We do no pay interest on cash advances. We preload the account to a credit balance, hence no interest charges. Put $3000 on the card last week. Now down to 1K. The 1.5 percent is the HT s/c on cash advances over and above daily interest if applicable.

In the past CIBC certainly did charge us 3-4 points above the visa exchange rate on atm withdrawals.


----------



## james4beach (Nov 15, 2012)

ian said:


> We do no pay interest on cash advances. We preload the account to a credit balance, hence no interest charges. Put $3000 on the card last week. Now down to 1K. The 1.5 percent is the HT s/c on cash advances over and above daily interest if applicable.


Apologies, you've talked about this method before but I also haven't understood it yet.

So you pay an excess amount to your HT card to load it up to a credit balance. Basically you're loading CAD cash into it and using the cash advance method to withdraw the cash at a foreign ATM without any interest charges -- is that right?

Is this better than using a regular Canadian debit card at the foreign ATM? Example: say you're withdrawing 200 EUR (or whatever) at a foreign ATM from the HT card. I would think you would be paying
- nil interest, ok
- 1.5% service fee on cash advances
- $10 or more foreign ATM fee
- X% foreign exchange spread, perhaps 3%


----------



## ian (Jun 18, 2016)

James...

Yes, We always maintain a credit balance hence no interest charges. Usually about $800. We keep note of credit card charges in order to maintain this credit.

Yesterday we took a cash advance of $425. That was the max at this atm. We usually withdraw $500-$600 when we travel to cover cash basis accommodation, etc.

-the cash advance came over at the same rate as two purchases that day, ie the visa exchange rate with no hidden add on fx service charge

-the HT service fee was 6.38.....1.5 percent

-the foreign bank ATM fee was slightly over $2. CAD (in Mexico the atm charges vary by bank. Not so in other countries. In Thailand for example all banks charge the same fixed feefor foreign atm withdrawals...$6.50 or so.

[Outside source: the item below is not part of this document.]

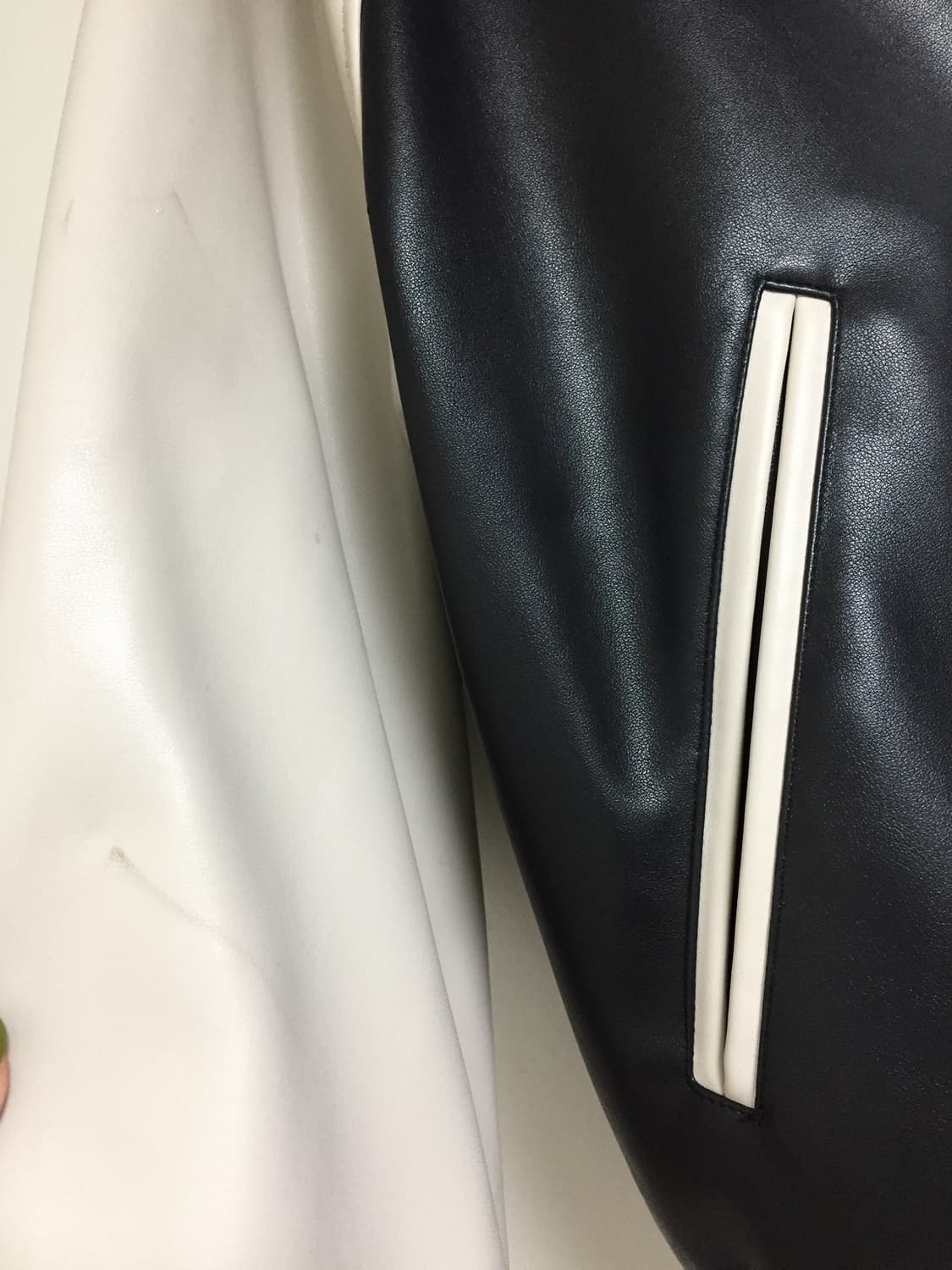 파르티멘토 바시티 비건 레더 자켓 블랙 상품이미지5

If we used used our CIBC card we would have paid an additional $12-15 in hidden fx fees plus a $5 atm fee. 

Granted not a lot however we simply got fed up of paying bank fees when there was a way to avoid some of them.

We are in Mexico. We took advantage of a last minute offer and bought five days at an AI from of all places a UK travel firm. In GBP. We just purchased three nights at a small boutique hotel from the Spanish company that owns it....billed in euros. Bought a night at the Fairfield Inn Cancun Airport from Marriott in USD. All were on line purchases. We keep track of these and send payments to HT in order to keep a float as it were.


----------



## james4beach (Nov 15, 2012)

ian said:


> -the cash advance came over at the same rate as two purchases that day, ie the visa exchange rate with no hidden add on fx service charge


This is the surprise for me. I had no idea the cash advance would be exchanged at the same, no-FX visa exchange rate!

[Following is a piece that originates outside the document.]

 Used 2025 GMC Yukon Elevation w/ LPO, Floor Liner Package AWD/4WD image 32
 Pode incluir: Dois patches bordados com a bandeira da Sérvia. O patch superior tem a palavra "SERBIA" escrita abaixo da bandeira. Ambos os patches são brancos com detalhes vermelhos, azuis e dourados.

So this means the HT charges zero FX spread, not only for purchases but also for cash advances? Amazing


----------



## ian (Jun 18, 2016)

Yes. That is why we do it. We did the same for a number of years on the Marriott/amazon card before the cards were discontinued.

It is incredible when you think of how much money the banks earn each day just from fx service charges on their visa, mc, and atm transactions with no human intervention required. It is a licence to print money!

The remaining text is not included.